Thursday, August 09, 2007

Italy - Its past in the present

God, this is depressing.

The story is the same throughout Italy. A combination of incompetent government, lacklustre industry and a general refusal to pay taxes has left a deep scar on the country's finances. The country's crushing debts have forced the Bel Paese to pimp its cultural gems to the highest bidders.

Examples

In Milan, H&M, a clothing store, bought the right to plaster a 100ft advert starring Madonna on the front of the Duomo during its renovations...

Rome recently allowed Valentino, a fashion designer, to throw a party around the Ara Pacis, a gleaming white marble altar from 13bc celebrating Augustus's victories in Spain and France.

In Tuscany, a whole hill-top village was sold to a German tourist company to become a holiday camp.

Evidently, Berlusconi had someone do the numbers and they came to £1,300 billion. That's the value of Italy's 'cultural assets'. So they figured, what difference is a few less going to make?

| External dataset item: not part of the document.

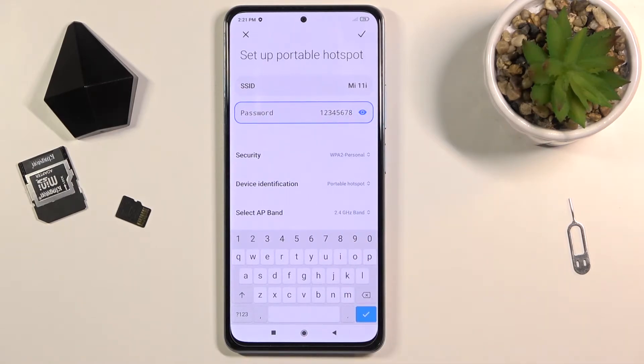There we go. I set it up to be relatively simple, but honestly it doesn't really matter how complex or simple it is — it's just a hotspot. If you're not planning to run it 24/7, the password shouldn't really matter that much. But I still recommend having a password, because otherwise people can just simply connect to your hotspot at any moment without your permission.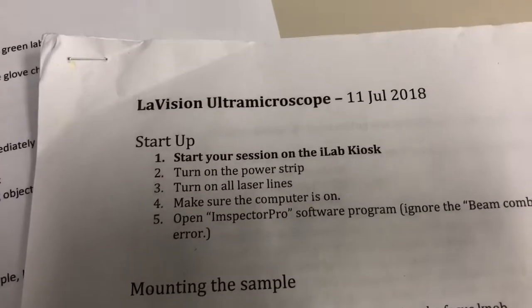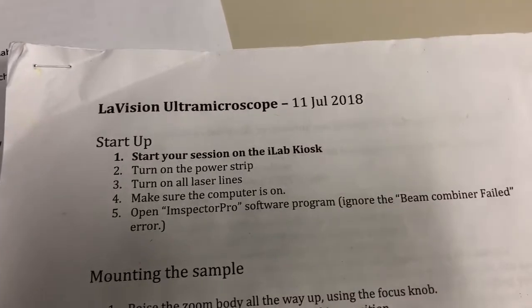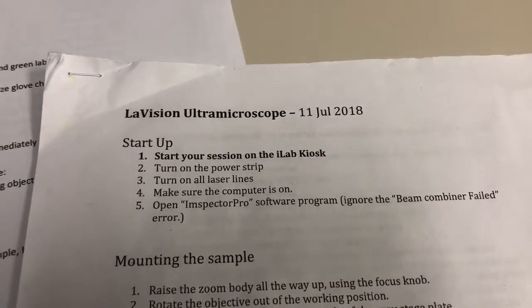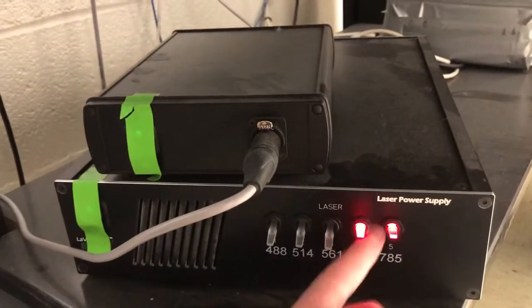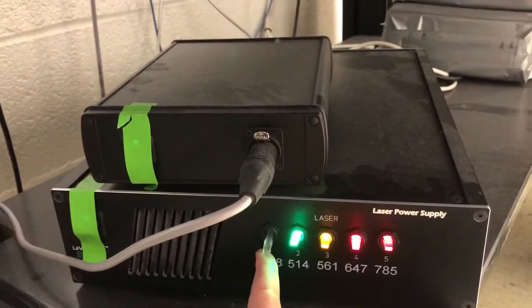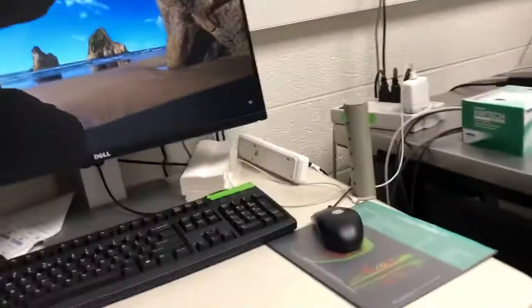The next step is to turn on laser lines — all of them. Even if you're not using all of the lasers, you have to turn them all on, otherwise there's going to be an error message that's very distracting. The laser lines are down here. This is a box where you turn these on one at a time, and they have colors similar to what the color of the laser is.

Mind you, don't underestimate the scale of the problem. The sheer quantity of Past-in-the-present in Italy is far beyond what any other country is responsible for. Each of us could name 100 buildings, landscapes or objects, but for each one of them, there are probably 1,000, or 10,000 more. And most of it is rotting.

Because I am suspicious of an over-attachment to what is no more, I have often wondered if the effort to preserve it all would not be self-defeating in the end. It is far beyond the economy of one of the 10 richest countries in the world and the attention required would impoverish the present and the future - I don't mean economically, but culturally, imaginatively. In 1915, Gabriele d'Annunzio, full of futurist zeal, flew over Venice ahead of the Austrian armies dropping lealets in which he exhorted the Venetians to destroy Venice themselves before the Venetians, or time, took all the credit, and to do it as an act of commitment to the future.

Not that I find any pleasure in the thought of Italy denuded of its treasures. It still has so much to give, vastly more than one generation can find. Its past has seeded the present so often before and will do so again in ways we cannot imagine. If, that is, its past is still present. I would suggest that the 'international community' step in to help, except that the behaviour of the 'international community' with other people's money tends to resemble that of Italy. So I'll just get depressed.